Ranking the 2008 MVP candidates only by [the hypothetical effect a decent player at his position would have on the team's record], [Chris] Paul ranks first, Kevin Garnett second, LeBron James third, Kobe Bryant fourth, and Earl Barron fifth. (224)

Oh man does that hurt.  The “Earl Barron” part being a clear joke.  Simmons needed to pick someone who would seem so outrageous that it would elicit laughter from even the biggest Earl Barron fans (who I assume are his parents).  I have chronicled before how the Celtics take ordinary players with mundane talents and make them superstars, and they continued this disturbing trend last night with Earl Barron.  This guy was not even in the league ten days ago and lit the Celtics up with elbow jumper after elbow jumper, finishing with 17 points and 18 rebounds.

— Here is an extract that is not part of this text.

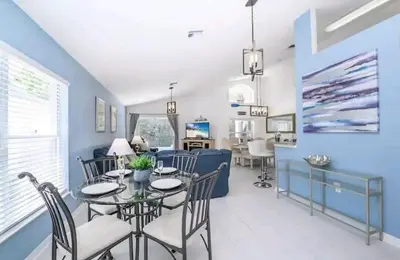 a dining room and living room with a table and chairs at Relaxing, Private Family Home At Lake Berkley Resort, South Facing Pool, Near Disney, SeaWorld in Kissimmee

  • Tony Allen and Michael Finley were the lone bright spots in the game with an honorable mention going to Glen Davis.  Finley did what he was supposed to do and hit open shots.  TA was aggressively attacking the basket and finishing, getting to the line, and did not make any bonehead plays (although he was close a few times).  Davis had a nice box score line but looked so gassed at times and really could not stay with any of the Knicks’ perimeter forwards.
  • Danilo Gallinari had a huge game.  From a talent standpoint, this is not all that surprising as this kid can really stroke it from the outside.  Still, he should not be able to do that against players that only one game before, limited LeBron James (I’ll just leave it at “limited”).  I get that James and Gallinari are different players in terms of strengths, thus defensive schemes are different.  That, however, works both ways.  James is a far better player than Gallinari so should the defensive let-down was all the more surprising.

That’s all I can muster right now.  There is plenty more but it doesn’t matter.  The Celtics take on Toronto tonight and I actually expect a win. Not because I am getting back with my cheating girlfriend, but because it is Toronto and Bosh is likely out.

I hate to say it, but ‘Sheeds’ blow up may have been a tipping point for this team.  That may have been the exact point where Doc River’s lost his influence on this team.  Say what you want about Doc, but without him, this team goes nowhere.